Last week I wrote about my photography adventure in the Washington Palouse area, with its undulating landscapes and picturesque dunes.
For me, the most satisfying moments of that trip was photographing the patterned fields from the top of Steptoe Butte as the sun came up in the mornings, and, finally, at day’s end standing at a canyon edge capturing the falling light on the spectacular Palouse Falls.
However, during the day our group’s leader, Aaron Reed, offered the opportunity to photograph old derelict vehicles he had located on dusty back roads, and we spent our mid-day driving to several different locations.
I have always enjoyed photographing old clunkers left resting, rotting, and rusting in forgotten fields. Even though where I live in British Columbia they aren’t that hard to find, when we stopped and wandered out into some field when an old car was spied, I was as just as eager as the others.
My approach isn’t very formal and while the others strategically placed their tripods, and selected filters; I would kneel in the deep grass, or lie down in the dirt, and start shooting. Grass stains and dirt clung into my clothes as I shifted, rolled, and dragged myself along on the ground making photographs from low angles. For me, it’s all about the picture, right?
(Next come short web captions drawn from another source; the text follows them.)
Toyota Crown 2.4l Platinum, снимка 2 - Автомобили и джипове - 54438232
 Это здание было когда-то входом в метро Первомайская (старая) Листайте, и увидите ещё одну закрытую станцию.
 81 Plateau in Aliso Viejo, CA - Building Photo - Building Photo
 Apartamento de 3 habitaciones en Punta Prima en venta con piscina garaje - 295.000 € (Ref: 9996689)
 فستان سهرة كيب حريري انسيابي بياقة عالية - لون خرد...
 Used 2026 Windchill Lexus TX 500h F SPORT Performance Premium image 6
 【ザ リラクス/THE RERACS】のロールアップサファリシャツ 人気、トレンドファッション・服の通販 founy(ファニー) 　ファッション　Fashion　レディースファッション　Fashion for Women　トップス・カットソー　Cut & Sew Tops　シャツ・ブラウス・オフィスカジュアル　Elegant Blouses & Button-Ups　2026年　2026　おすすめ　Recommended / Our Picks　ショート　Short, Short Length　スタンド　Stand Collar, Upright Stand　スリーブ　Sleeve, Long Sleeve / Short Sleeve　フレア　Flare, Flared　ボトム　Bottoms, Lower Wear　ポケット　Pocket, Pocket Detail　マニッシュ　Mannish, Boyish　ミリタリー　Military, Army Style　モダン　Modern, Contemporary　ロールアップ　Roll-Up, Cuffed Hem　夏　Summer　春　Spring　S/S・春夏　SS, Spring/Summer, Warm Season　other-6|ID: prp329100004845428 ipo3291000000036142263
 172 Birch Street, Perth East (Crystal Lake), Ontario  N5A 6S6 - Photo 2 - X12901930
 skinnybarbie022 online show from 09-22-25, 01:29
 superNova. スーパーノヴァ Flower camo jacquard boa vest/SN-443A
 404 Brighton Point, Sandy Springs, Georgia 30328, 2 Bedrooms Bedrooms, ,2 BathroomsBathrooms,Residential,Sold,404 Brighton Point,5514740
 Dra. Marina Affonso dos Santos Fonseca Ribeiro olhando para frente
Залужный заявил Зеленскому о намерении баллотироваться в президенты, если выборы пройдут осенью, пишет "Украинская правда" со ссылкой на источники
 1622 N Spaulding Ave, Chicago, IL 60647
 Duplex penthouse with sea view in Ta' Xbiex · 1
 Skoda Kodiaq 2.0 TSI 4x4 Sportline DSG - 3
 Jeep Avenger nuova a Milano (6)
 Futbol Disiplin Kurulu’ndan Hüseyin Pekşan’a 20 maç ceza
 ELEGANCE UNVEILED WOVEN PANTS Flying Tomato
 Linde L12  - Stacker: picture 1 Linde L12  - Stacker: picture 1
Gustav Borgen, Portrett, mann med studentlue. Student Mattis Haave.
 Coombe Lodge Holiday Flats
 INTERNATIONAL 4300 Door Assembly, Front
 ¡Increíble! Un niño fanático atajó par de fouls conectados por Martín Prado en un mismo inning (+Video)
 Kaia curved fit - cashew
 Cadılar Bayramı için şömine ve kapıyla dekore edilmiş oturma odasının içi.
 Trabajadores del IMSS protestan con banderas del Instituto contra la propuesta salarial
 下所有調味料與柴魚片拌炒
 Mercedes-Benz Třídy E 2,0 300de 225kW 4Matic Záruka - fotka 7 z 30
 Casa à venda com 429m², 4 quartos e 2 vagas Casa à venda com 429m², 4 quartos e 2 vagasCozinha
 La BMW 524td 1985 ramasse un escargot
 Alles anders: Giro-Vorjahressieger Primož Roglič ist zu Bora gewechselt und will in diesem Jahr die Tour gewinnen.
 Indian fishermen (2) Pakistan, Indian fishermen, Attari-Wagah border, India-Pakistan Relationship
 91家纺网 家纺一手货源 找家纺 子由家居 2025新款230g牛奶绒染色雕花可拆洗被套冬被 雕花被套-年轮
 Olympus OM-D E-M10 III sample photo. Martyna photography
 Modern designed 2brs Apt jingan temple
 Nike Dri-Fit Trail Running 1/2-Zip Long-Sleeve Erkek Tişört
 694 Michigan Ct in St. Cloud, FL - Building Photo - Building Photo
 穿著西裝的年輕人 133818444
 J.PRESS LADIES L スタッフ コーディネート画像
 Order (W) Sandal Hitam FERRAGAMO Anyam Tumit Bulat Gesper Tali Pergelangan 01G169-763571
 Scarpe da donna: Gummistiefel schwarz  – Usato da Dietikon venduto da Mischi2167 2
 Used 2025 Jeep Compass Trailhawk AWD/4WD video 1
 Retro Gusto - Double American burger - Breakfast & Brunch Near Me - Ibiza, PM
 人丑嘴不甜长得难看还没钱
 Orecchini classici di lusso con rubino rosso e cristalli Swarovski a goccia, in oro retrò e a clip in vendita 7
My lens of choice usually is a 24-70mm used at the 24mm focal length, which on my camera’s ¾ frame sensor is equal to about a 35mm. I will add that in the days of using film cameras, a 35mm was what I liked the best then, same as now for photographing derelict vehicles.
I know many photographers prefer dramatically distorted images created with ultra-wide lenses, but even a 35mm has distortion, certainly not as much as the 11mm lens one person of our group on that trip was using on his full frame Canon, but distortion enough for me.
I usually place a polarizing filter on my lens when photographing automobiles. Not because I am concerned with controlling the sky as I would in a scenic shot, but because a polarizer allows me to reduce the glare on chrome and glass. And I prefer to photograph reflection-free windows, if I can get it, as opposed to those that mirror the sky and surroundings.
As I stated, my approach isn’t that formal. I usually operate my camera in manual mode, and I don’t use higher ISO like over 400, unless the lighting conditions demand. Normally, I take a meter reading off the ground, get just as low as I can by sitting, kneeling, or laying down, depending upon the high grass or other obstacles in the way, then focus on the old vehicle, making both horizontal and vertical images, and then move on to the next.
I admit I also like close-up views and select features that interest me on the rusting clunkers, so I would set the focal length of my 24-70 lens to 70mm while looking through an open window, open door, or when I found an interesting hood, or trunk, ornament.
Photographing those dilapidated old automobiles was, in my opinion, the icing on the cake for what was already an excellent photographic adventure.